▶ _Brief_
Repeat the listing below exactly. Pictures do not belong in the copy.

▶ _Provided material_
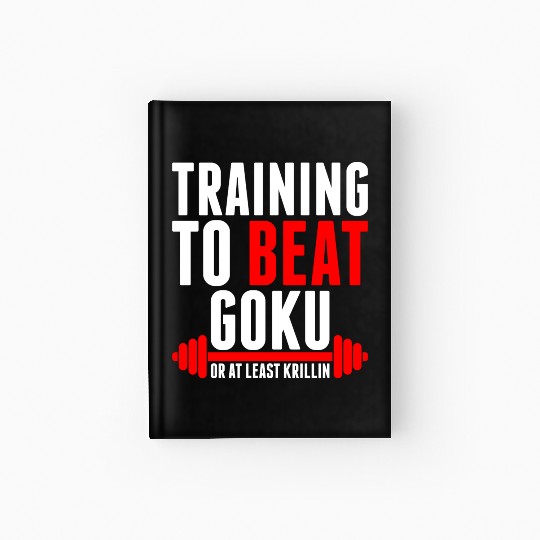 Training To Beat Goku Hardcover Journal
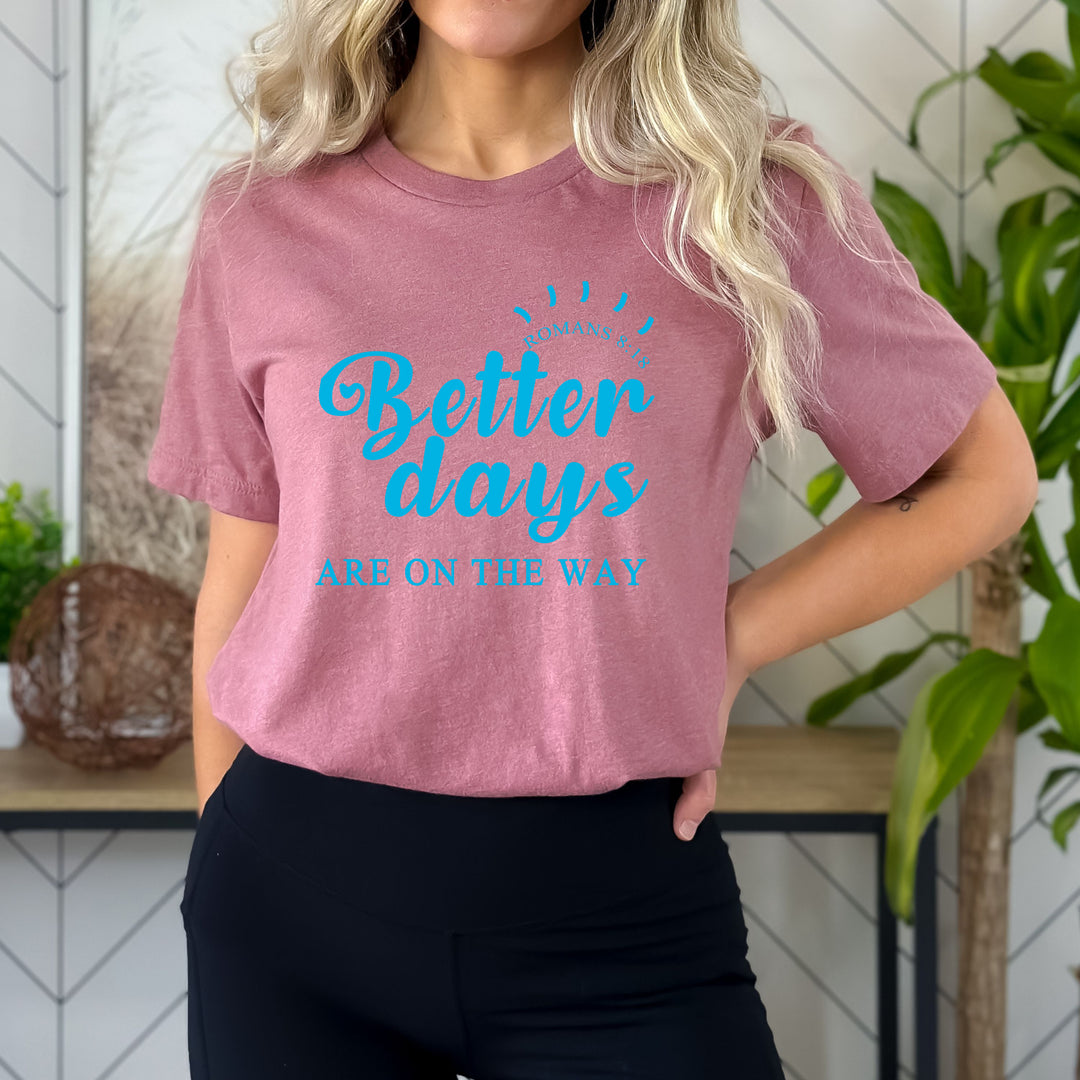 "Better Days" Bella Canvas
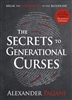 Secrets to Generational Curses by Alexander Pagani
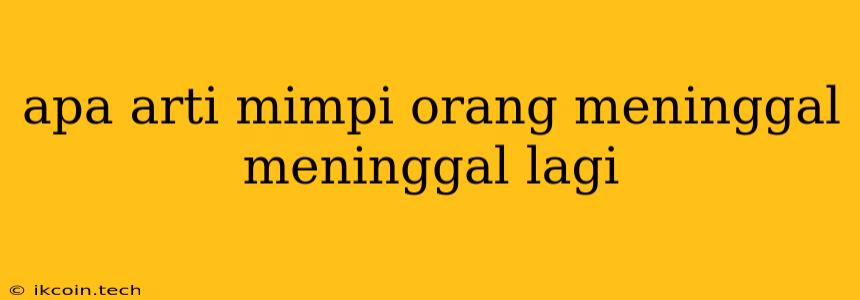 Apa Arti Mimpi Orang Meninggal Meninggal Lagi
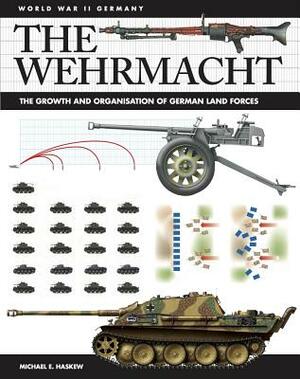 The Wehrmacht: The Growth and Organisation of German Land Forces by Michael E. Haskew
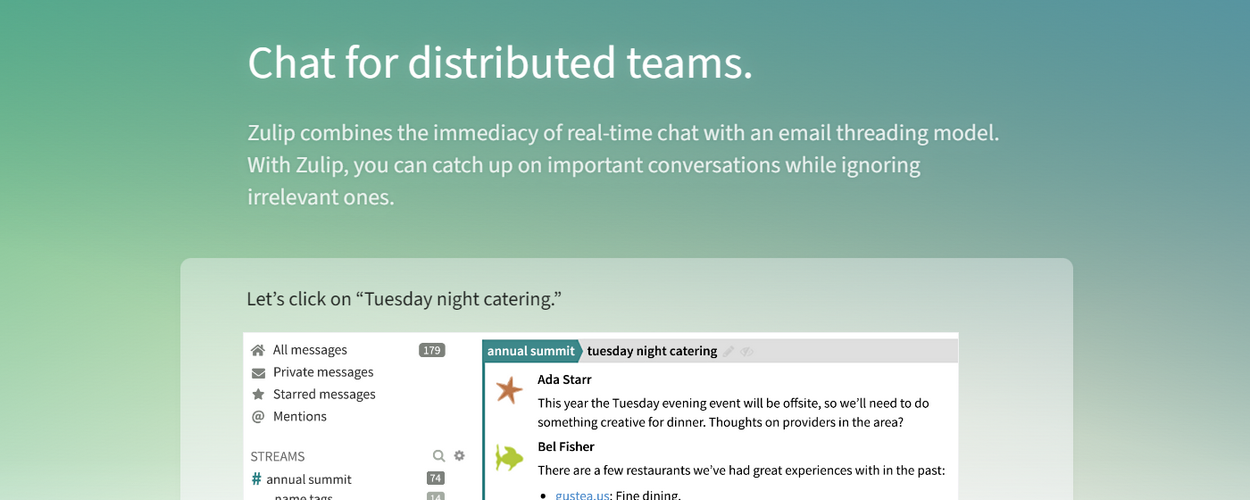 Zulip helps distributed teams stay productive by offering a choice between real-time and asynchronous communication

▶ _Solution for this problem_
 Training To Beat Goku Hardcover Journal
 "Better Days" Bella Canvas
 Secrets to Generational Curses by Alexander Pagani
 Apa Arti Mimpi Orang Meninggal Meninggal Lagi
 The Wehrmacht: The Growth and Organisation of German Land Forces by Michael E. Haskew
 Zulip helps distributed teams stay productive by offering a choice between real-time and asynchronous communication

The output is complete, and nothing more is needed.